North Americans in same boat as North Koreans, height-wise

Did anyone watch the debate on Friday night? No, not the one where your parents spat expletives at each other after drinking copious amounts of alcohol - the one between John McCain and Barack Obama.

During the debate, McCain brought up the height-gap between presumptively healthy South Koreans and impoverished North Koreans…and while I’m willing to give him the benefit of the doubt on that one, I was interested to read this article from the New York Times about a similar difference between Americans (presumably slobs who feed their kids Happy Meals three times a day) and Europeans (who probably eat nothing but caviar and Weetabix).

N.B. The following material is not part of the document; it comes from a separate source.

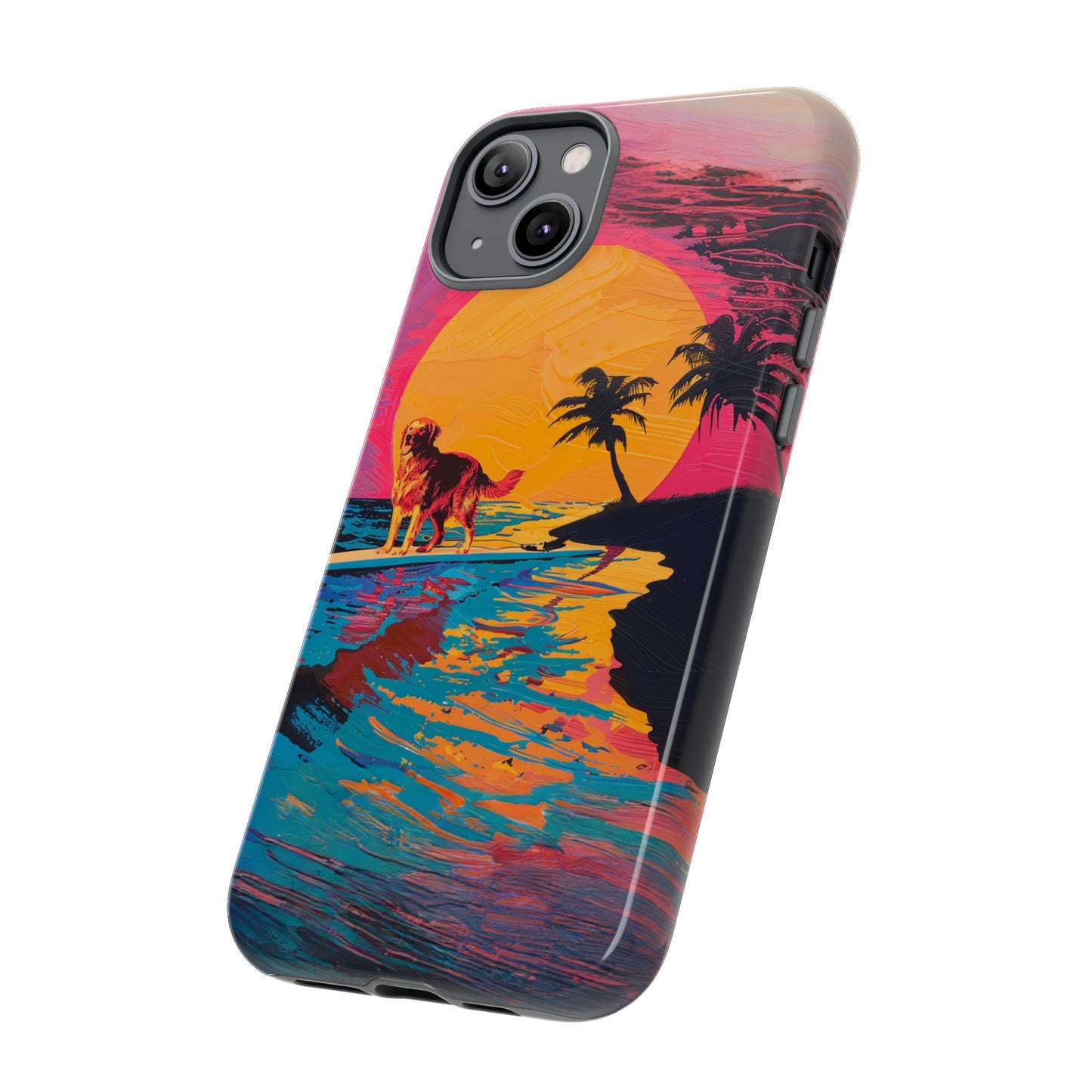 Radiant Sunset Surf: Warhol-Inspired Phone Cover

While the conditions for North Koreans are troubling, Americans have a similar height gap to worry about, and it also appears to be due to a lower standard of living, poor health care and inadequate nutrition. Last summer, the journal Social Science Quarterly reported that Americans are, quite literally, falling short of Europeans. In 1880, Americans were the tallest people in the world. But by 2000, American men, at an average height of 5-feet-10.5-inches, ranked 9th, and women, at about 5-feet-5-inches, fell to 15th. Several Northern European countries rank the highest in height, with the Dutch coming in first, at just over 6 feet for the men and 5-feet-7-inches for the women.

The height gap between Americans and Northern Europeans can’t be explained by an influx of short immigrants. Experts say the United States takes in too few immigrants to account for the disparity, and the height statistics cited in the article include only English-speaking native-born Americans, and don’t include people of Asian and Hispanic descent.

‘Too few immigrants?’ Good thing they brought that up, because I was sure McCain would have blamed our shrinking height-advantage on lax immigration laws passed by dirty liberals.